■ DATA EXCERPTS ■
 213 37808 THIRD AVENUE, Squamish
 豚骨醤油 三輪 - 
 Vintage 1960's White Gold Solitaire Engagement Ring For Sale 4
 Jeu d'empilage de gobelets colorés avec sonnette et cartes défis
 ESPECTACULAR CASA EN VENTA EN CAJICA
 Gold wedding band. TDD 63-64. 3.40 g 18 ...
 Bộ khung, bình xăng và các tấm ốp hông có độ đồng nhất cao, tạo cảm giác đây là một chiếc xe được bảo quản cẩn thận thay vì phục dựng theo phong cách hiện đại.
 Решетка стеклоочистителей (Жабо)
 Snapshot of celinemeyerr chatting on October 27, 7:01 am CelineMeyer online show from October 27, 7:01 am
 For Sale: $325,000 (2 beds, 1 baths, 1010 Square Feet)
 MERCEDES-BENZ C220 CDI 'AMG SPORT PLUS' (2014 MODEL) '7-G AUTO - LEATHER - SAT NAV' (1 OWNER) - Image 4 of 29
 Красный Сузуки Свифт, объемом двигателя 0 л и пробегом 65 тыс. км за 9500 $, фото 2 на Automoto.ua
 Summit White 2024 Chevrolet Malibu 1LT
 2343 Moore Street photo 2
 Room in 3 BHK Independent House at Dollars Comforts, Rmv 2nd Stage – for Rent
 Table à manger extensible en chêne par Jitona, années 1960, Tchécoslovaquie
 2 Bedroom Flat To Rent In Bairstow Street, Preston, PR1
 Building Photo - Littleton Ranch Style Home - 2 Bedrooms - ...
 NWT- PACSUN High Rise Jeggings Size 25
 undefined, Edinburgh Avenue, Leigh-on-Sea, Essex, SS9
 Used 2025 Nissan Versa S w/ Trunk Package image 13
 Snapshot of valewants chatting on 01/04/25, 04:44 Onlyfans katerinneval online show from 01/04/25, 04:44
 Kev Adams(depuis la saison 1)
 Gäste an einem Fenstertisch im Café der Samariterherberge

■ WHAT IS NEEDED ■
Taking the entries above, write out exactly each line from the one holding "Snapshot of celinemeyerr" to the one holding "Table à manger", both included, and stop there.

■ SOLUTION TO THE EXERCISE ■
 Snapshot of celinemeyerr chatting on October 27, 7:01 am CelineMeyer online show from October 27, 7:01 am
 For Sale: $325,000 (2 beds, 1 baths, 1010 Square Feet)
 MERCEDES-BENZ C220 CDI 'AMG SPORT PLUS' (2014 MODEL) '7-G AUTO - LEATHER - SAT NAV' (1 OWNER) - Image 4 of 29
 Красный Сузуки Свифт, объемом двигателя 0 л и пробегом 65 тыс. км за 9500 $, фото 2 на Automoto.ua
 Summit White 2024 Chevrolet Malibu 1LT
 2343 Moore Street photo 2
 Room in 3 BHK Independent House at Dollars Comforts, Rmv 2nd Stage – for Rent
 Table à manger extensible en chêne par Jitona, années 1960, Tchécoslovaquie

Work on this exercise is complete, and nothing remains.